Wzrost cen stosunkowo łatwo przerzucić w logistyce na klienta. Czy utrzyma się on na poziomie inflacji podawanym przez GUS, czy będzie od niego wyższy lub niższy? Na to pytanie odpowiada Andrzej Kozłowski z zarządu Rohlig Suus Logistics, jednego z największych operatorów logistycznych w Polsce.

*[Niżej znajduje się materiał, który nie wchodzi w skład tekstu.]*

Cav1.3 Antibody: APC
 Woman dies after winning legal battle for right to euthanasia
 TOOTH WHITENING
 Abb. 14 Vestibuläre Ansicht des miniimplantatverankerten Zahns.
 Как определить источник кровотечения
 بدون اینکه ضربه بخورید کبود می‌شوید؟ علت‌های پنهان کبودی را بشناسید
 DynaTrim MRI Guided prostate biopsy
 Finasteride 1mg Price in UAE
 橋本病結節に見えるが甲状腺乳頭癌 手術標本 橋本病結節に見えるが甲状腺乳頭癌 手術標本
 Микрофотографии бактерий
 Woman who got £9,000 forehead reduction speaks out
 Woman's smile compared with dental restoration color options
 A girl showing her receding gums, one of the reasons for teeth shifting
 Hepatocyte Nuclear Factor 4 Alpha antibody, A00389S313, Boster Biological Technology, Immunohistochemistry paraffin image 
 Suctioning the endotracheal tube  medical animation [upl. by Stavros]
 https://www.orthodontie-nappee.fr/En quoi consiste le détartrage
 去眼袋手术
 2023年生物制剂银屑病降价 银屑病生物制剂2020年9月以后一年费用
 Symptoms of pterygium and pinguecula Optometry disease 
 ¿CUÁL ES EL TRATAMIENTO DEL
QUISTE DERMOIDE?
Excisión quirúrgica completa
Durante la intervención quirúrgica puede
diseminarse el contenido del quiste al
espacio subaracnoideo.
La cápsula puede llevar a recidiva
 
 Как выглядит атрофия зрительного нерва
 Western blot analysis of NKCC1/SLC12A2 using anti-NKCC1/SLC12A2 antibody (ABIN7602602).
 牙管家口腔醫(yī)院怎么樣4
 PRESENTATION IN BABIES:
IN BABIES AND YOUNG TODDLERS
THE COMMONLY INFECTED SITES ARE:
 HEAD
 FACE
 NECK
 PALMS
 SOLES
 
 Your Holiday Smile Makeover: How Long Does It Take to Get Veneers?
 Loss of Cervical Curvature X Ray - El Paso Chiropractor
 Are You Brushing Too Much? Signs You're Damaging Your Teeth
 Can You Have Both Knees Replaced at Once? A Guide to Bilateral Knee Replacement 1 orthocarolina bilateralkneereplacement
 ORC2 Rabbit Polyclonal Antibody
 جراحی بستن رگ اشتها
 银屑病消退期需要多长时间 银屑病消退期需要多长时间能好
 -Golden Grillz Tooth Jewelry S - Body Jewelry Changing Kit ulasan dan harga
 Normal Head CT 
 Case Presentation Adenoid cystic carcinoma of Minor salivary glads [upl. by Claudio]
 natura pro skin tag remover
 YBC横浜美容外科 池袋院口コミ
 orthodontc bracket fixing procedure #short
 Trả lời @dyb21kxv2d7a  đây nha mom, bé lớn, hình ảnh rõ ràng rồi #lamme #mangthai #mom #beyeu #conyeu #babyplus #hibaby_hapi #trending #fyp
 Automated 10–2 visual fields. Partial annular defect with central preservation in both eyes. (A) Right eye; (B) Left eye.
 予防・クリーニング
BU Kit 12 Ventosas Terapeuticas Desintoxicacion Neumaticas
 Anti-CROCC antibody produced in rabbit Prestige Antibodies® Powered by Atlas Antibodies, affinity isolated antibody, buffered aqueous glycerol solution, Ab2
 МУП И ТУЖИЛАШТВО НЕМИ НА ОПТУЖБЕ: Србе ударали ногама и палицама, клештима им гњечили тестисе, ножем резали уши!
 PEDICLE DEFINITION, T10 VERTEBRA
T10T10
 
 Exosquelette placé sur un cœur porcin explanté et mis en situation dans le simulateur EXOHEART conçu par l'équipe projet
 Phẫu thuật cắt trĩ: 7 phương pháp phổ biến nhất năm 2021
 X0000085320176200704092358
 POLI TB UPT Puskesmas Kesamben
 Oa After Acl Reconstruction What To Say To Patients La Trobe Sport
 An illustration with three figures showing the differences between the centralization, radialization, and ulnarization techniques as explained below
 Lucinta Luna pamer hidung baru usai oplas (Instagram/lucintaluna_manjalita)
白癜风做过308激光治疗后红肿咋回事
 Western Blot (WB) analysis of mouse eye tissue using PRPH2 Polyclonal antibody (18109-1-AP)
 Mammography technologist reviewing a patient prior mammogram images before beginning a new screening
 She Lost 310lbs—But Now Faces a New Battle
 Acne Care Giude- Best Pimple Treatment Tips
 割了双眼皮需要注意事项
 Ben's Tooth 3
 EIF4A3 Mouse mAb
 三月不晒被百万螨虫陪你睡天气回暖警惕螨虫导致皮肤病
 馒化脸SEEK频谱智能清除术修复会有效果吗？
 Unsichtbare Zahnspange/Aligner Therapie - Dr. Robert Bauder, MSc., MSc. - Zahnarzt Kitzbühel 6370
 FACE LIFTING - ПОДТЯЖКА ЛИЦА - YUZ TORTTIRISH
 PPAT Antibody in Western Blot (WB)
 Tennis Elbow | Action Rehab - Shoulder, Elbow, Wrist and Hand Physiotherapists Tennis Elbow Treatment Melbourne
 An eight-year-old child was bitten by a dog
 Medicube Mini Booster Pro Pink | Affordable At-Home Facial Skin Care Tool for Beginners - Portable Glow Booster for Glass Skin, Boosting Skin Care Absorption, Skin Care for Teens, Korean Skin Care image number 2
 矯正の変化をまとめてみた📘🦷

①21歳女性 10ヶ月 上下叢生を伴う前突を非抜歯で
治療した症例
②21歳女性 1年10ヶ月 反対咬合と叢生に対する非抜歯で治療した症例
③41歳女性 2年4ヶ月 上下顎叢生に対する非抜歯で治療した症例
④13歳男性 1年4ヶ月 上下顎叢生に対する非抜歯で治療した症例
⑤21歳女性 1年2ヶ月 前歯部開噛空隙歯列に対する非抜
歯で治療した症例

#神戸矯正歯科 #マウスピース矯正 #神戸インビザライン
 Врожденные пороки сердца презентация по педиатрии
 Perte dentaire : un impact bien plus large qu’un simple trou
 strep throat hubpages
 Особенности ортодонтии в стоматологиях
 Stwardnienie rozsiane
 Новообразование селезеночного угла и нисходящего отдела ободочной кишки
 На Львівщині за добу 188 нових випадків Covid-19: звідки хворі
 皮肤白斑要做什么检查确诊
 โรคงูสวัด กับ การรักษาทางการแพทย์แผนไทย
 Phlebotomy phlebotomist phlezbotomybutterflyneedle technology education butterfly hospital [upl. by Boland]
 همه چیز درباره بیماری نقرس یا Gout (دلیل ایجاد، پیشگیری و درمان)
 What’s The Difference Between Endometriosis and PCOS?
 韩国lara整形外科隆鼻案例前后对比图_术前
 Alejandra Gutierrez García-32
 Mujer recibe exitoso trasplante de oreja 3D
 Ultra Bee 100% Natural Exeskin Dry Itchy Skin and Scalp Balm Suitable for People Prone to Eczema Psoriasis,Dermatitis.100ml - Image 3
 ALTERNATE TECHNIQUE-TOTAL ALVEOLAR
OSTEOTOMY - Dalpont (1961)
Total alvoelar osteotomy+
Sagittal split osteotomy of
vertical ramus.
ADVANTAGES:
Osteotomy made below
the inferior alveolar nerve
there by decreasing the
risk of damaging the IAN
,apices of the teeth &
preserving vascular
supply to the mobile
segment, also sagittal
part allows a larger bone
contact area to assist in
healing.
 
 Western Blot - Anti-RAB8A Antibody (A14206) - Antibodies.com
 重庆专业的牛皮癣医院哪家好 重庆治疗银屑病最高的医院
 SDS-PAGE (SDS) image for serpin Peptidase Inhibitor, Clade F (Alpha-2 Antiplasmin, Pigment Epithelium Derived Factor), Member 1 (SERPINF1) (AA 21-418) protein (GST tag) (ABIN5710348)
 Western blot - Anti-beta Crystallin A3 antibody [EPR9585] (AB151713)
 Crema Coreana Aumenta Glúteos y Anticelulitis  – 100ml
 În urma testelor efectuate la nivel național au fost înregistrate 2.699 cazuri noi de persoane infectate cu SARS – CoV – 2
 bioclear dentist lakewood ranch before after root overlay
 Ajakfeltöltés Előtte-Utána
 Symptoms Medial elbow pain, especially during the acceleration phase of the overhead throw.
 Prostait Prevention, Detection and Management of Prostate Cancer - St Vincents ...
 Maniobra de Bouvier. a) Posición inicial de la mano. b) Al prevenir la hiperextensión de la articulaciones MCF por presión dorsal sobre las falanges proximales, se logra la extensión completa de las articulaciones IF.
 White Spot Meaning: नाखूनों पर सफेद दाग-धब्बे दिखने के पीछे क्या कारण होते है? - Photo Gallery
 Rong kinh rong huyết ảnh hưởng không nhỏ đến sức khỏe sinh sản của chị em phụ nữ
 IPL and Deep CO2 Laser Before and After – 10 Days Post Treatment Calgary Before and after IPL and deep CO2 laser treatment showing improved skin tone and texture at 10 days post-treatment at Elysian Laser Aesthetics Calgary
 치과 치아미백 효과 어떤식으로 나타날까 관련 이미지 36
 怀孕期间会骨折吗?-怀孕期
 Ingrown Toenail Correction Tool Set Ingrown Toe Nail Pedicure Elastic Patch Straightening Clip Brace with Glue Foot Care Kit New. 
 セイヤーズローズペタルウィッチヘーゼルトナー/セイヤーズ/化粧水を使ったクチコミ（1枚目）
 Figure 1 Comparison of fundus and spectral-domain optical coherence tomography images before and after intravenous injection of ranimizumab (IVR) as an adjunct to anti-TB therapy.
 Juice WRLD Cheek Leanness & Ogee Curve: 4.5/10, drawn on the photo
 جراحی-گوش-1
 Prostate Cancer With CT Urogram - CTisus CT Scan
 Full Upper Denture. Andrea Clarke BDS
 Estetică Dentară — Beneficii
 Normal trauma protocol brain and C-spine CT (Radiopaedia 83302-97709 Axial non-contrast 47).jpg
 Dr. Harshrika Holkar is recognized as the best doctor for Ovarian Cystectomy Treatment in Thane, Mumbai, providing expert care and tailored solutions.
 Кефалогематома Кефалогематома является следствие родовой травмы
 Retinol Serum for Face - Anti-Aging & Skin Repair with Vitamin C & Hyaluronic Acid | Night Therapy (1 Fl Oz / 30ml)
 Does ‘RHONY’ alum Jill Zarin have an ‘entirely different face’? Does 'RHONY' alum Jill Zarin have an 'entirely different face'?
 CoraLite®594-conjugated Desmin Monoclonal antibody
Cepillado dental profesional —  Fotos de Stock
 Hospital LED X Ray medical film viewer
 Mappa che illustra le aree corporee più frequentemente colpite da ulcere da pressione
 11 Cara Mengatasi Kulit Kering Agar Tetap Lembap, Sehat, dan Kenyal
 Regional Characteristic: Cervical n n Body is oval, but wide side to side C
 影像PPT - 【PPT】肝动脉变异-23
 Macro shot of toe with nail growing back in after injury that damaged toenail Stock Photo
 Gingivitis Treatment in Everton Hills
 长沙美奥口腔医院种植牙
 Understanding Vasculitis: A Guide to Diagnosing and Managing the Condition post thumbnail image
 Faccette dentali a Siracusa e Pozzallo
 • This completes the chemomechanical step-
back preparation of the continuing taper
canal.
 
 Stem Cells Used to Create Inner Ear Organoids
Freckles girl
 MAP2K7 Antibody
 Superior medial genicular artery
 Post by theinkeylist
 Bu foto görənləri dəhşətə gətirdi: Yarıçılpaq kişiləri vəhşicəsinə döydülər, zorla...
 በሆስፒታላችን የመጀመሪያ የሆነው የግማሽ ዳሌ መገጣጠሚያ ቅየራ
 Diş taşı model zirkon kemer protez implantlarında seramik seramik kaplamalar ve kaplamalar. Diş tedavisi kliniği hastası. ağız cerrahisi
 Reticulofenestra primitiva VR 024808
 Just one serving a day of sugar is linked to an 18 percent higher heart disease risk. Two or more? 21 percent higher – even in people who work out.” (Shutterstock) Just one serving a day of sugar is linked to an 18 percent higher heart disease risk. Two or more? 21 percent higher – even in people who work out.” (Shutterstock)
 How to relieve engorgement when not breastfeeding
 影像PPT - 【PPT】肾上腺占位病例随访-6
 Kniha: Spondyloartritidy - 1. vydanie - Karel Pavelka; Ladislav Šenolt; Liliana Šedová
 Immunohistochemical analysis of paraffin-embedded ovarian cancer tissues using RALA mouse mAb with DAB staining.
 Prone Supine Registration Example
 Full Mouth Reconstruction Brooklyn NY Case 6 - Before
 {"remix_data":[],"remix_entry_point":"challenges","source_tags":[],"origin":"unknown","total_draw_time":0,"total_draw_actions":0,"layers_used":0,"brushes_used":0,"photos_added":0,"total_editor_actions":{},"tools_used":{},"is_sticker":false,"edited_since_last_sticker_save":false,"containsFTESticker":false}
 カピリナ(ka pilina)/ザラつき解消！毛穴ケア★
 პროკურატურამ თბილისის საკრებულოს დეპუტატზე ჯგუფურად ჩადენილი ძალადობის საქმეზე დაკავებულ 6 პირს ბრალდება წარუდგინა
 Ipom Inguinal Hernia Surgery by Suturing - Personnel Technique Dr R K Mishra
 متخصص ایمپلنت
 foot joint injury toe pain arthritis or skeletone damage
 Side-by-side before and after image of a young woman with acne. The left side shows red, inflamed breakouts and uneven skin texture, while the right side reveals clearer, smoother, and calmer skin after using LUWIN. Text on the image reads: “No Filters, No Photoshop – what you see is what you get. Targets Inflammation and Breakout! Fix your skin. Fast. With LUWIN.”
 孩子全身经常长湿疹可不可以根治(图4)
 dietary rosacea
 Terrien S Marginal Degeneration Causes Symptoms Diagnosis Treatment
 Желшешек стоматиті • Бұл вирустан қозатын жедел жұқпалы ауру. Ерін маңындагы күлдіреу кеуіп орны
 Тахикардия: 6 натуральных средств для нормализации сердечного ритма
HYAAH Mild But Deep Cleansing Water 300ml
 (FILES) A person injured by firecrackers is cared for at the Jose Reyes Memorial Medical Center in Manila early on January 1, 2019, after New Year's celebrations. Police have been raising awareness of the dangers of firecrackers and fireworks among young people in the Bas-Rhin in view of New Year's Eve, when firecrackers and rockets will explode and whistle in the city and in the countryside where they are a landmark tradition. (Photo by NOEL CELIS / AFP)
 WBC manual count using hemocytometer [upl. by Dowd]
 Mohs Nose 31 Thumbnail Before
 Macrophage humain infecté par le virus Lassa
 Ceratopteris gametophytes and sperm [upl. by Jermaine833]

W rozmowie także o wpływie wojny w Ukrainie na branżę, szansie wynikającej z reshoringu i nowościach w firmie.
- - Nowym zjawiskiem w logistyce jest pojawienie się klientów, którzy szukają innych rynków zbytu po tym, jak ze względów etycznych wycofali się z Rosji czy Białorusi, a rynek ukraiński stracili na skutek działań wojennych - mówi Andrzej Kozłowski.
- - Inną szansą, nie tylko przed branżą logistyczną, ale całą gospodarką, jest relokacja firm, które znajdowały się nie tylko w Rosji czy w Ukrainie, ale i na Białorusi. Polska jest dla nich naturalnym miejscem ze względu na bliskość geograficzną i kulturową - dodaje.
- Na razie jednak na rynku widać przejawy spowolnienia gospodarczego. Kluczowe dla branży pytanie brzmi, czy to tylko wychłodzenie koniunktury, po którym nastąpi odbicie, czy nadejdzie głęboki kryzys.
- Rohlig Suus Logistics spodziewa się dużego wzrostu obrotów za 2021 r. Szacuje się, że wyniosą 2 mld zł. Firma otwiera nowe oddziały, ostatnio w Zielonej Górze i w czeskim Pilźnie.